Frescati owned an oil tanker called the Athos I. Star Tankers chartered, or hired out, the Athos I for a period of time. CITGO and several other companies (collectively CARCO) sub-chartered the Athos I for a voyage from Venezuela to CARCO’s oil refinery in New Jersey, using a standard form contract called the ASBATANKVOY form. A safe-berth clause in this contract provided that “[t]he vessel shall load and discharge at any safe place or wharf, . . . which shall be designated and procured by [CARCO], provided the Vessel can proceed thereto, lie at, and depart therefrom always safely afloat.” The Athos I was within 900 feet of its destination when it struck a submerged anchor in the Delaware River, piercing its hull, and spilling 264,000 gallons of oil into the Delaware River. Frescati and the U.S. government paid the initial costs of the cleanup and then sought to recover their costs from CARCO.

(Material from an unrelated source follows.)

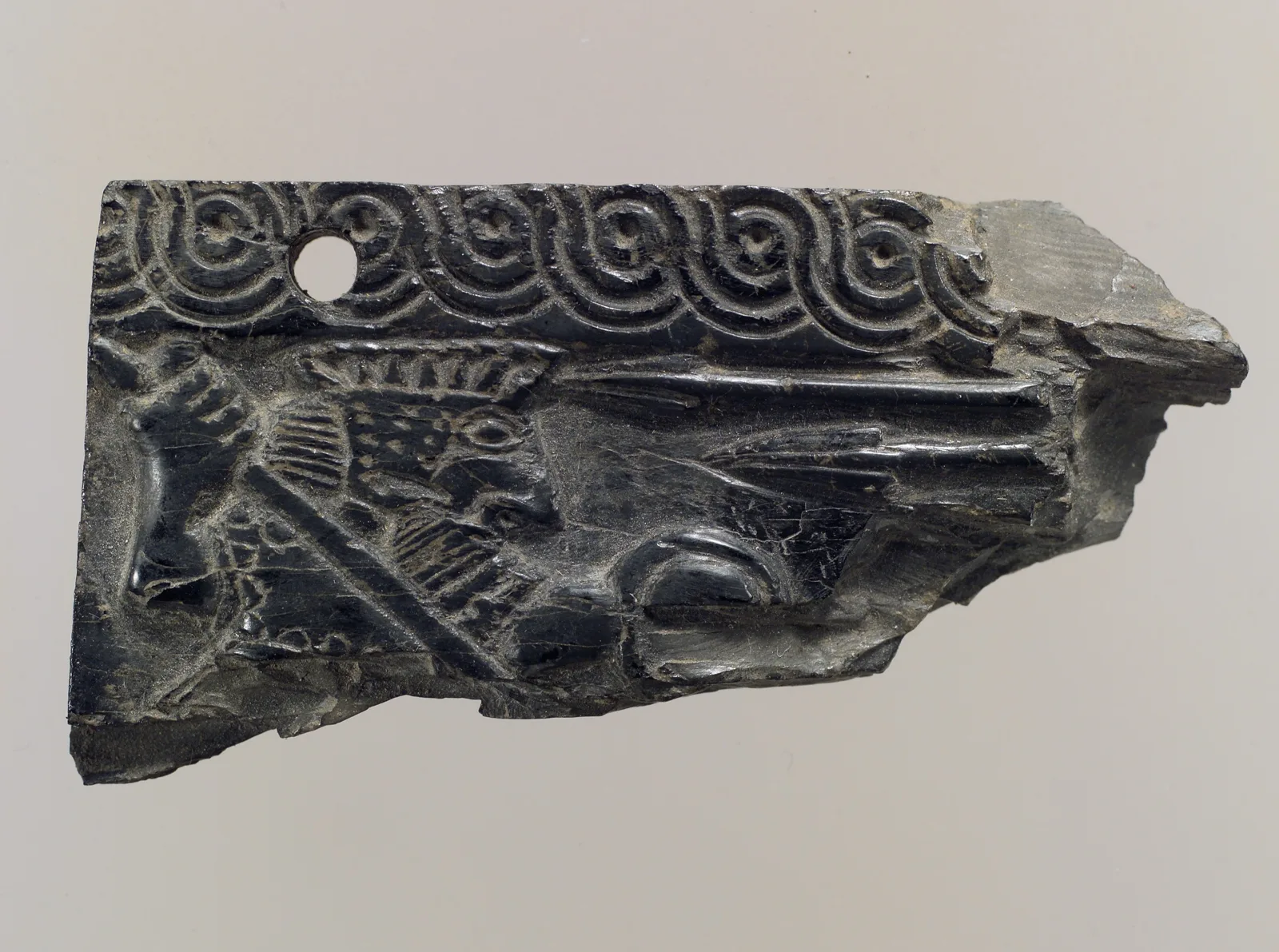 Furniture plaque carved in relief with warrior — تصویر رکورد موزهٔ متروپولیتن (دسترسی آزاد)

A decade and a half of litigation ensued. Frescati and the U.S. government argued that (i) Frescati was an implied third-party beneficiary of the safe-berth clause in the charter contract between CARCO and Star Tankers, (ii) this clause was an express warranty of safety by CARCO, and (iii) CARCO breached this clause by failing to designate a safe berth for the Athos I. CARCO argued that the safe-berth clause merely imposed a “duty of due diligence” in its selection of the Athos I’s berth. The U.S. Court of Appeals for the Third Circuit disagreed, and found CARCO liable for breaching the express warranty contained in the safe-berth clause.
The Supreme Court affirmed, grounding its decision in the plain language of the safe-berth clause. “Safe” means “free from harm or risk,” the Court held, and “always” means “at all times.” The safe-berth clause was not subject to any qualifications or conditions. And nothing in the clause referred to “due diligence” or any similar concept of fault. The clause therefore established an express warranty of safety.
The Court rejected CARCO’s argument that a “general exceptions clause” in the contract exempted it from liability for losses due to “perils of the seas.” By its terms, the “general exceptions clause” did not apply where (as here) liability was “otherwise . . . expressly provided” in the contract. CARCO also pointed to a contract clause that required Star Tankers to obtain oil-pollution insurance as evidence that the parties intended to relieve CARCO of liability for oil spills. The Court rejected that argument, noting that the oil-pollution insurance covered more than just the risks of an unsafe berth. CARCO also offered an alternative interpretation of the safe-berth clause that focused on the vessel master’s right to refuse entry into an unsafe berth. The Court held that, even if true, that interpretation did not relieve CARCO of its liability for selecting an unsafe berth. Finally, CARCO cited a leading admiralty treatise and several cases in support of its position that the safe-berth clause should not be read as a warranty of safety. The Court distinguished those authorities or explained why it found them unpersuasive.
Justice Sotomayor authored the opinion of the Court, in which Chief Justice Roberts and Justices Ginsburg, Breyer, Kagan, Gorsuch, and Kavanaugh joined. Justice Thomas authored a dissenting opinion, which was joined by Justice Alito.